By the Kuhn-Tucker Lagrange method, we yield :
$$f_0(x,y) = xy, \; \; f_1(x,y)= x^2+y^2-1$$
and then the K.T.L. system :
$$\begin{cases} \nabla f_0 + \lambda_1\nabla f_1 = 0 \\ \lambda_1 f_1 =0 \end{cases} \Rightarrow \begin{cases} \begin{bmatrix} y \\ x \end{bmatrix} + \lambda_1\begin{bmatrix} 2x \\ 2y \end{bmatrix} =0 \\ \lambda_1(x^2 + y^2 -1) \;= 0\end{cases} $$
Check cases for $\lambda_1 = 0$ and $\lambda_1 >0$ and then you'll yield the same results. (Maximum is given for applying the same method for $-f(x,y)$ or simply you yield the same points as you did.

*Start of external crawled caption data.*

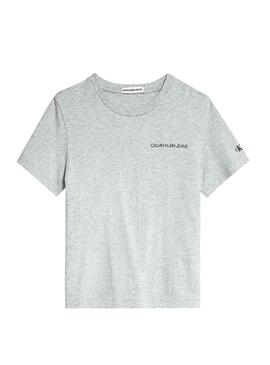 T-Shirt Calvin Klein Jeans Basic Gray per Bambino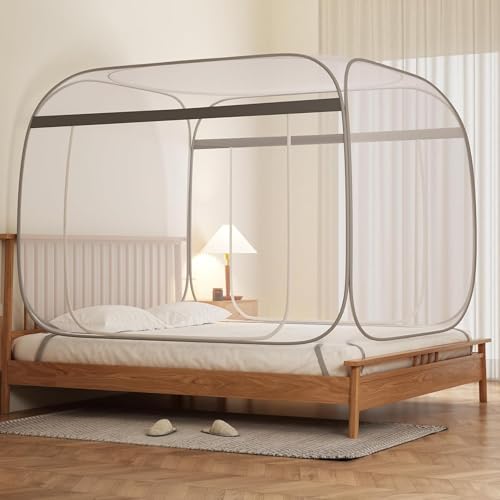 Pop-Up Mosquito Net Tent King Size, Portable Folding...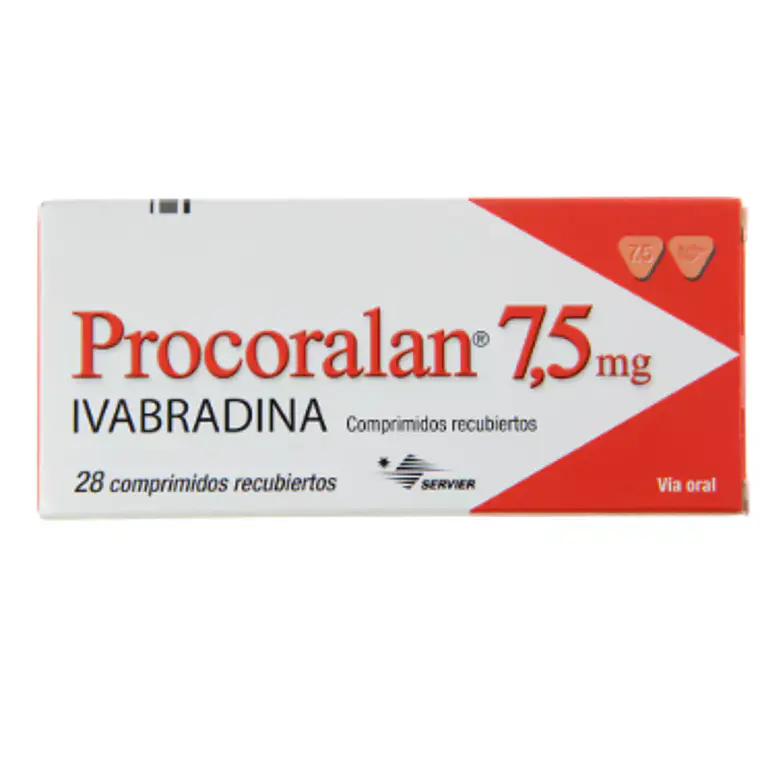 Procoralan Ivabradina 7,5 mg 28 Comprimidos recubiertos. 1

Now, if there existed another minimum or maximum, it should satisfy the K.T.L. problem. Since no other point satisfies it, these are all the minimums and maximums. Observing that you have two possible minimum and maximum points (since the values are equal) for $f(x,y)$ over $S$, this means that you have a total maximum and minimum at both of the points each time.